Nonadherence to prescribed therapy continues to be a major challenge to the health care system. In the United States, the economic consequences are estimated at $100 billion per year, 30% of which is indirect medical costs. Studies suggest that regimen complexity is an important determinant of nonadherence. Complicated dosing regimens hamper adherence, especially if multiple dosing of multiple drugs is involved. Previous studies, with intervals ranging from 12 weeks to 5 months, have indicated an adherence benefit over the short term of once-daily (OD) dosing versus twice-daily (BID), three-times-daily, and four-times-daily dosing. Cramer et al examined a total of 15 patients in the OD and BID categories, and Detry et al examined 104 patients overall. Pullar et al found greater adherence on an OD regimen (n = 52) but not much better than BID (n = 54); however, these patients with diabetes were followed for 28 days using phenobarbital as a pharmacologic indicator of compliance. An interesting review of adherence among health care professionals by Corda et al revealed a statistically significant advantage achieved through OD dosing (88% adherence) compared with BID (74% adherence) in both the short term and the long term. This may indicate the upper limit of adherence, given the nature of the participants and the use of a self-administered survey for data collection. In a recent Scottish study of 2,920 patients receiving oral hypoglycemic drugs for type 2 diabetes, Morris et al established a highly significant and independent association of an improved adherence index (AI) with OD sulfonylurea dosing and an observed decrease in adherence of 22% for each increase in the frequency of the daily dose over 12 months.

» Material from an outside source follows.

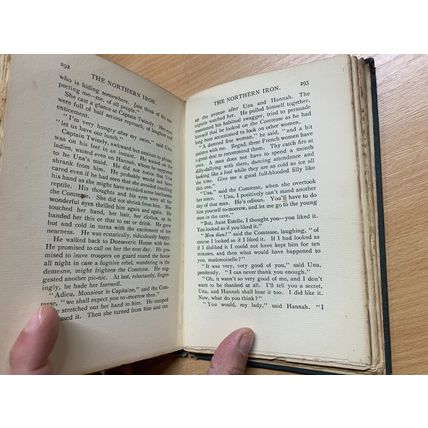 RARE* 1907 GEORGE A BIRMINGHAM "THE NORTHERN IRON" FICTION ANTIQUE BOOK (P4)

Our research sought to examine the relationship between patient adherence and persistence with therapy patterns using an OD oral antidiabetic extended-release formulation glipizide gastrointestinal therapeutic system (GITS) and a BID oral antidiabetic immediate-release formulation glipizide, and examine whether the dosage frequency or number of tablets per dose influenced the adherence patterns. The goal of the study is to quantify the impact of regimen complexity on adherence in cohorts with type 2 diabetes.